*WORK TASK*.
Begin at the line below that has "Standard profiles NA". Stop after the line that has "Arapaho vs Burmese", repeating each line exactly and leaving out the pictures.

*PROVIDED RECORDS*.

━━━━━━━━━━━━━━━━

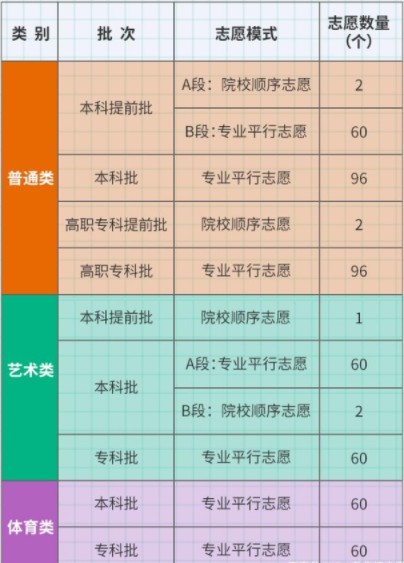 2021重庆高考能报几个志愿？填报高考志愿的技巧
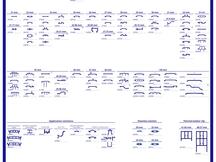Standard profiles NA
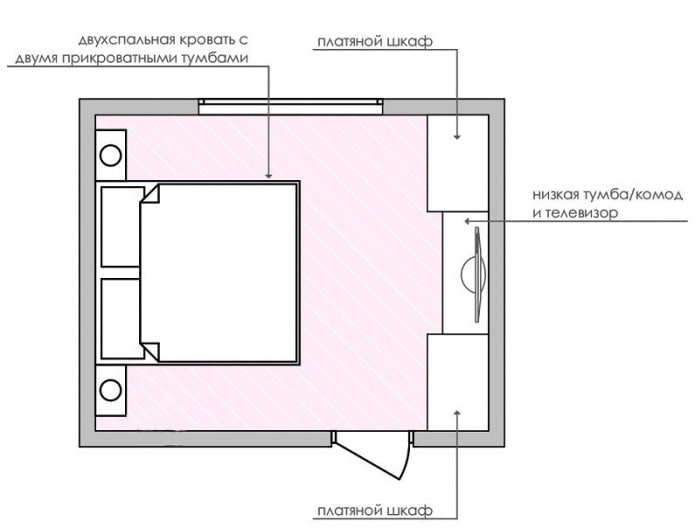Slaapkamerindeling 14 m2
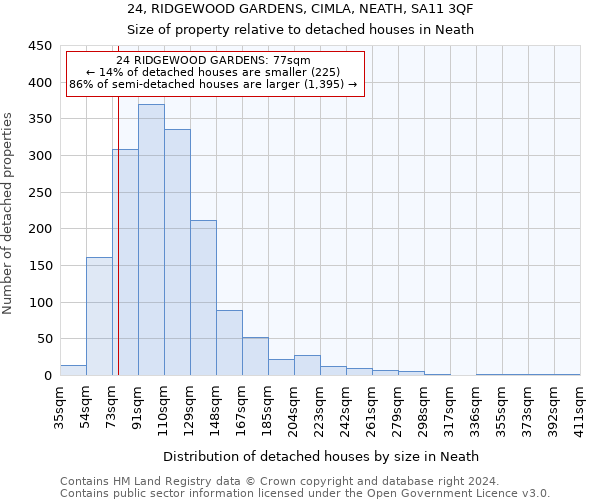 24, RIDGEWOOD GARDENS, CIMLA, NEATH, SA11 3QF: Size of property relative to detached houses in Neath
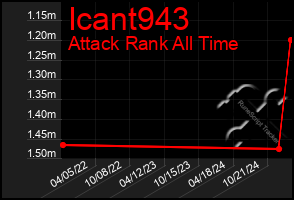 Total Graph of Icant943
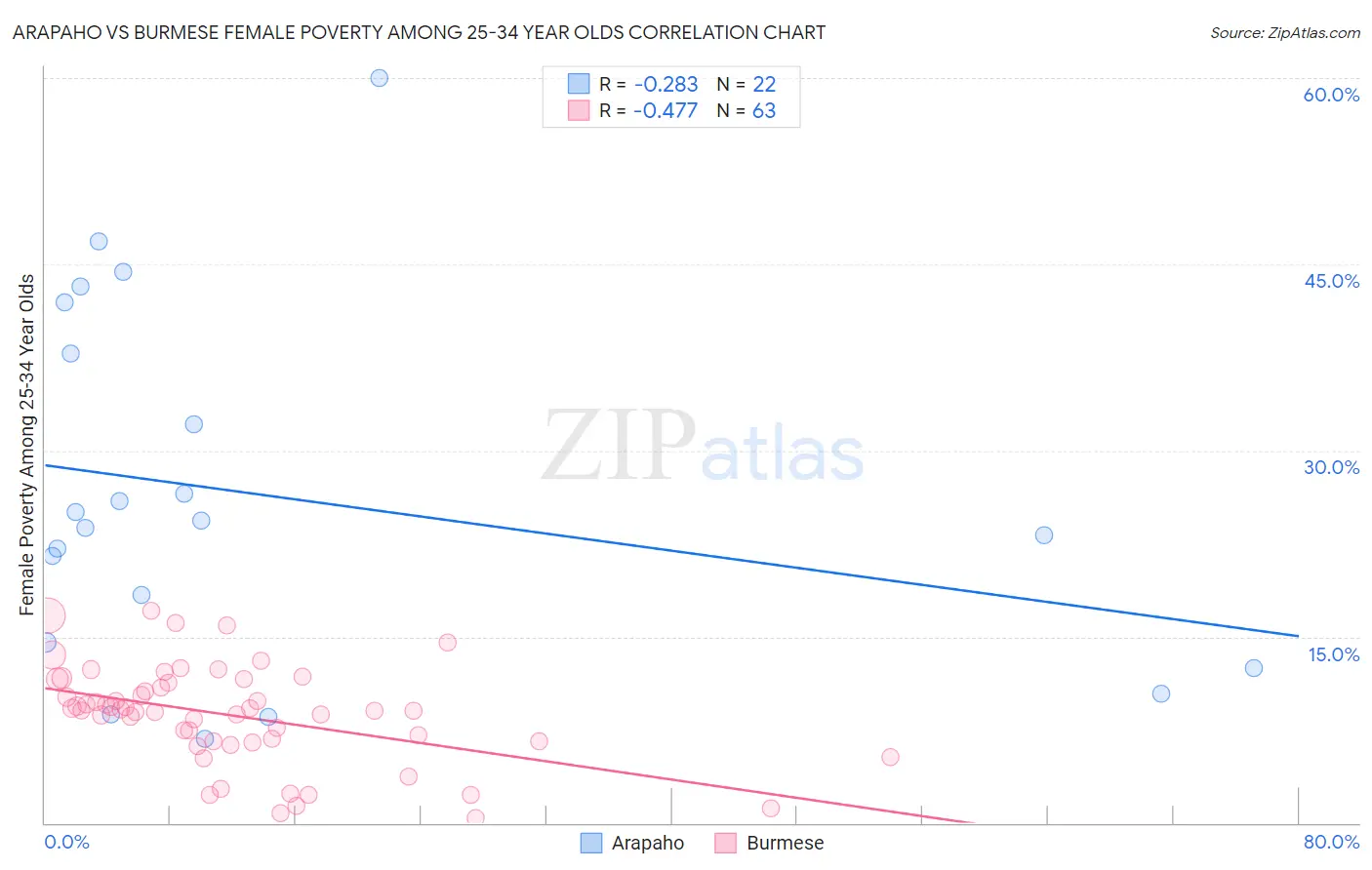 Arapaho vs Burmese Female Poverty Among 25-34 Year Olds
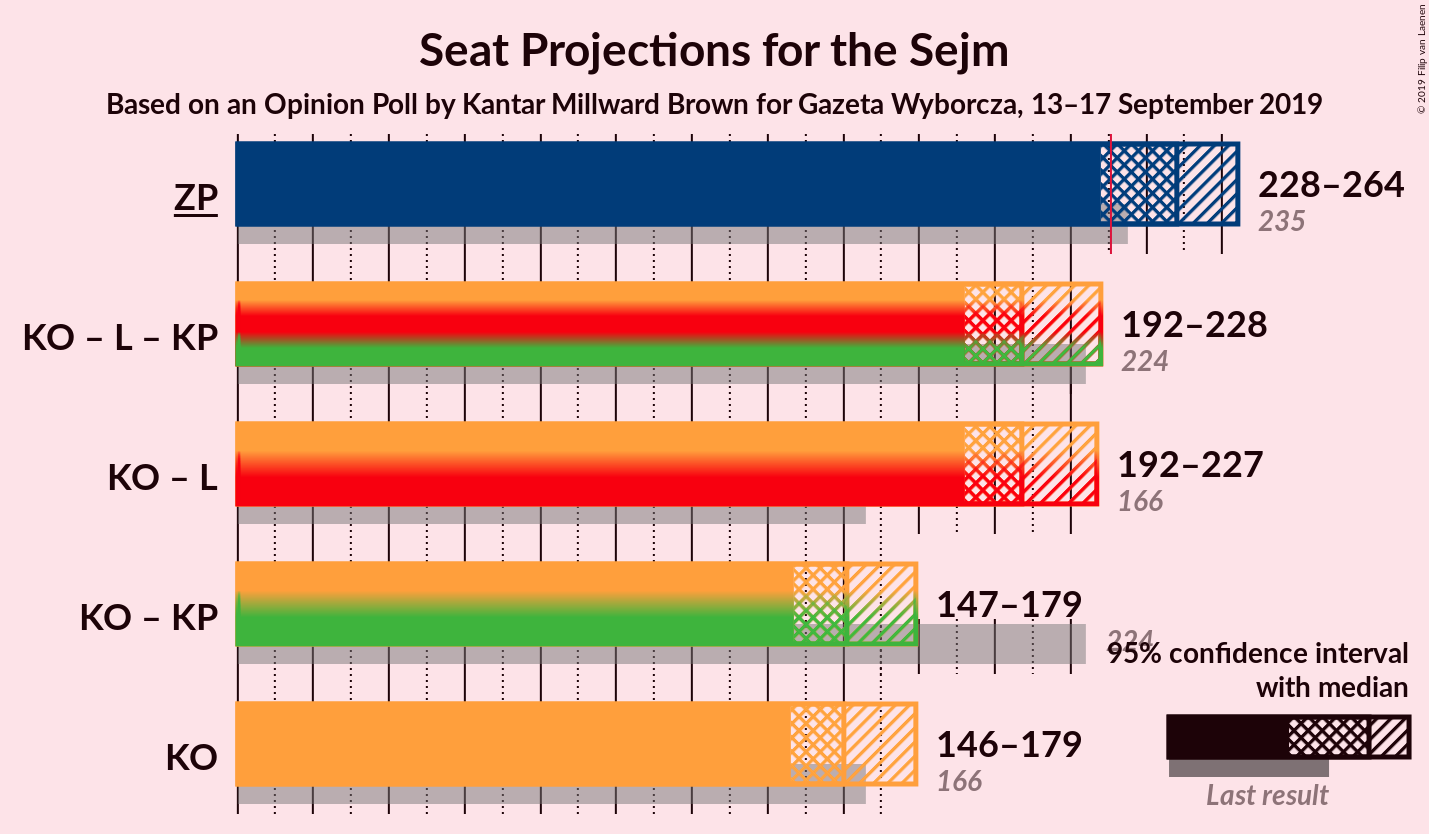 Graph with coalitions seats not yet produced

━━━━━━━━━━━━━━━━

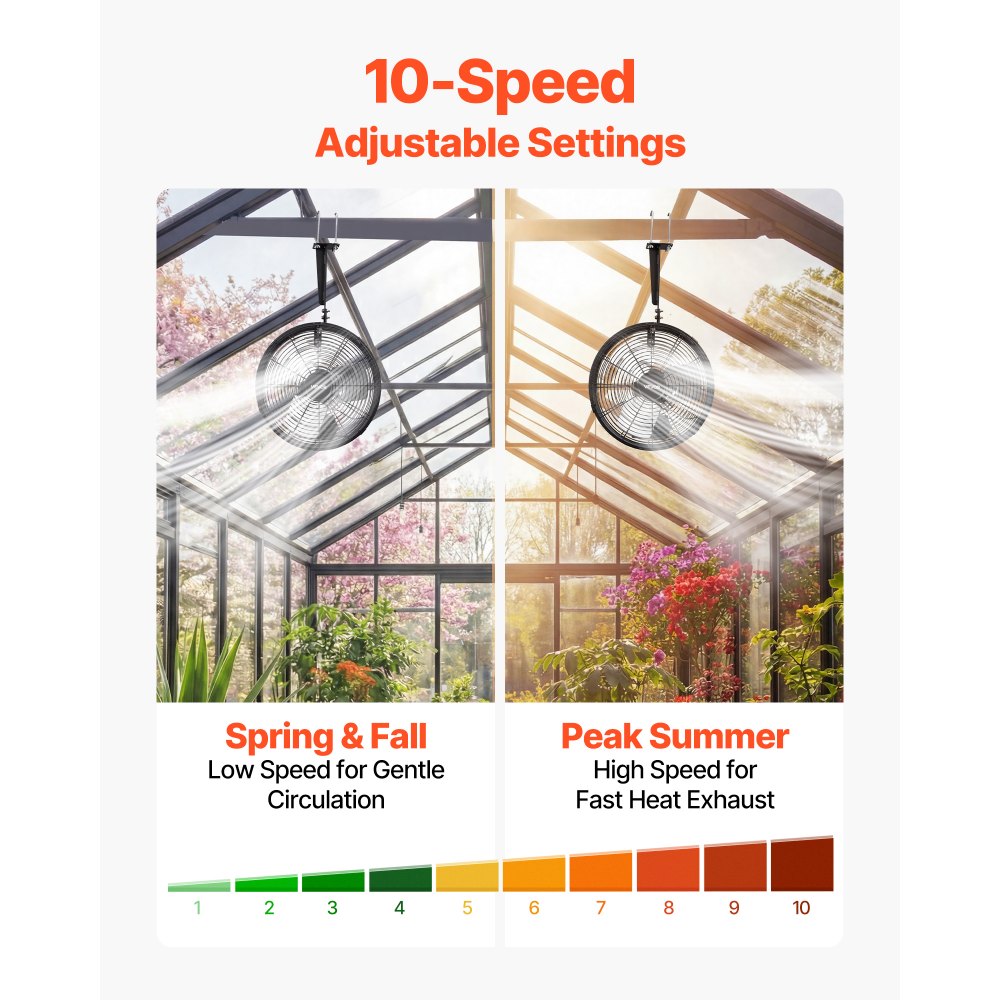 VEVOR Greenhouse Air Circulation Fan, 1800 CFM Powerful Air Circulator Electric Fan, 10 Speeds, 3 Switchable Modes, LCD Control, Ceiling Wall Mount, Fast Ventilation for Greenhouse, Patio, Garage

━━━━━━━━━━━━━━━━

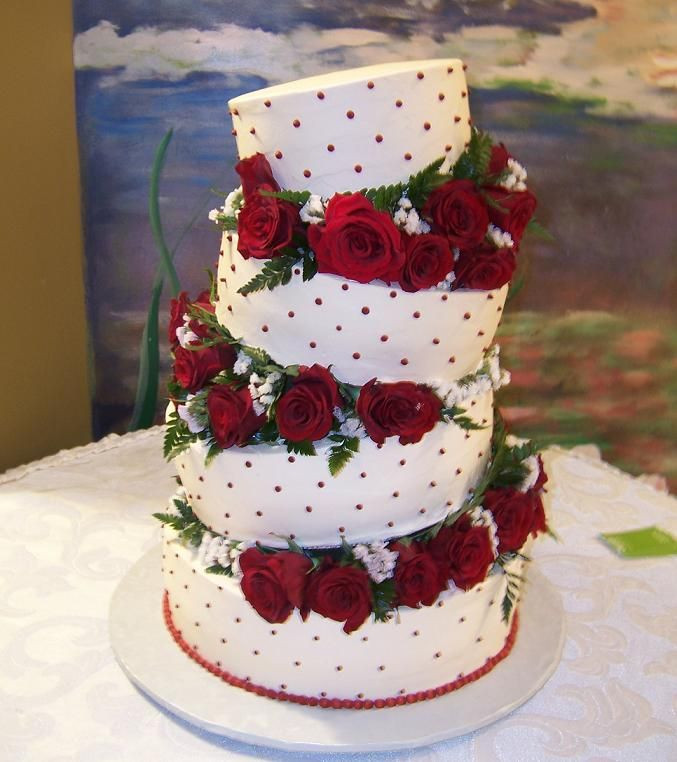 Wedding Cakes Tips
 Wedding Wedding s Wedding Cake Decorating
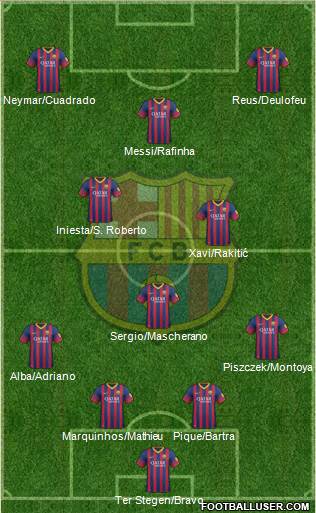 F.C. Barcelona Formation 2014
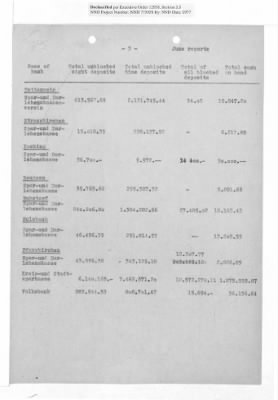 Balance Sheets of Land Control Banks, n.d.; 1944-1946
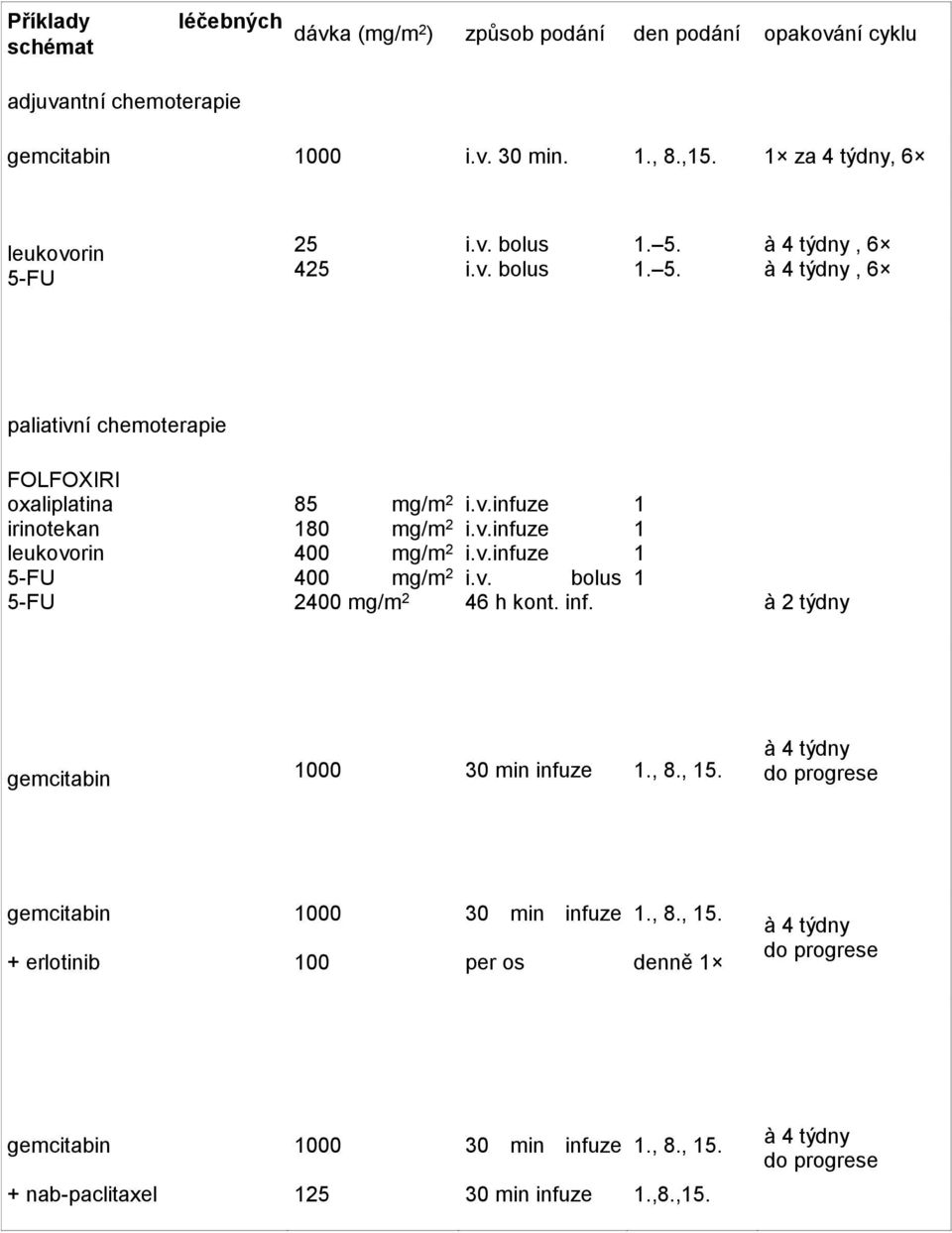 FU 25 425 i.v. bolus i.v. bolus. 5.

━━━━━━━━━━━━━━━━

*RESPONSE*.
Standard profiles NA
Slaapkamerindeling 14 m2
 24, RIDGEWOOD GARDENS, CIMLA, NEATH, SA11 3QF: Size of property relative to detached houses in Neath
 Total Graph of Icant943
 Arapaho vs Burmese Female Poverty Among 25-34 Year Olds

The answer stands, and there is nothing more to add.